The present disclosure generally relates to earth-boring drill bits, cutting elements attached thereto, and other tools that may be used to drill subterranean formations. More particularly, embodiments of the present disclosure relate to instrumented cutting elements for obtaining at-bit measurements from an earth-boring drill bit during drilling.
The oil and gas industry expends sizable sums to design cutting tools, such as downhole drill bits including roller cone rock bits and fixed-cutter bits. Such drill bits may have relatively long service lives with relatively infrequent failure. In particular, considerable sums are expended to design and manufacture roller cone rock bits and fixed-cutter bits in a manner that minimizes the probability of catastrophic drill bit failure during drilling operations. The loss of a roller cone or a polycrystalline diamond compact from a bit during drilling operations can impede the drilling operations and, at worst, necessitate rather expensive fishing operations.

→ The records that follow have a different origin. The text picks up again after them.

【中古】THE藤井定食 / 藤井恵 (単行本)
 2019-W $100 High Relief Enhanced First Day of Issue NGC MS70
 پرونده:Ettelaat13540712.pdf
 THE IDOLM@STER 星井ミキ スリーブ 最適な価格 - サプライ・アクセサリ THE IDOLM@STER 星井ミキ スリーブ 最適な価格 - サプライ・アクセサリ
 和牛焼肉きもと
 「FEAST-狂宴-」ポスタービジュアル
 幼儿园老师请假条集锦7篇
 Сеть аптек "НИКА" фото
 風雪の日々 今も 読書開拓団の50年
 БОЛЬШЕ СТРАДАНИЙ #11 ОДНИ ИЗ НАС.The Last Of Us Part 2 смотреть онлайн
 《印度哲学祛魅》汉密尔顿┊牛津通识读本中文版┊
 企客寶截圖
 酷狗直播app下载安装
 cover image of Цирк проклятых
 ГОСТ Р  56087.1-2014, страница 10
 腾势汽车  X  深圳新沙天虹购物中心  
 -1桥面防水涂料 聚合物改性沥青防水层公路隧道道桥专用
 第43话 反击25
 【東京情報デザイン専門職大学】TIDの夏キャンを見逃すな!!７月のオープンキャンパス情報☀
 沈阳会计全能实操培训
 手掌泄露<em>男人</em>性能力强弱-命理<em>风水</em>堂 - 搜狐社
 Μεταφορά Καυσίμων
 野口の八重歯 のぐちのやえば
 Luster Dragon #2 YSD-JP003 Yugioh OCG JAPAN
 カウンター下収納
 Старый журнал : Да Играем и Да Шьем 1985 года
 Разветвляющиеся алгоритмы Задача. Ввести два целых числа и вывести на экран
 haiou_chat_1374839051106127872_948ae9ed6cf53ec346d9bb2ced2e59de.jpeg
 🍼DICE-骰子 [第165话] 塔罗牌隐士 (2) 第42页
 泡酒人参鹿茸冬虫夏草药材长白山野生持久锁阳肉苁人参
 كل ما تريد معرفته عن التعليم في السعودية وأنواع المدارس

Diagnostic information related to a drill bit and certain components of the drill bit may be linked to the durability, performance, and the potential failure of the drill bit. In addition, characteristic information regarding the rock formation may be used to estimate performance and other features related to drilling operations. Logging while drilling (LWD), measuring while drilling (MWD), and front-end measurement device (FEMD) measurements are conventionally obtained from measurements behind the drill head, such as at several feet away from the cutting interface. As a result, errors and delay may be introduced into the data, which may result in missed pay-zones, delays in getting information, and drilling parameters that are not sufficiently optimized.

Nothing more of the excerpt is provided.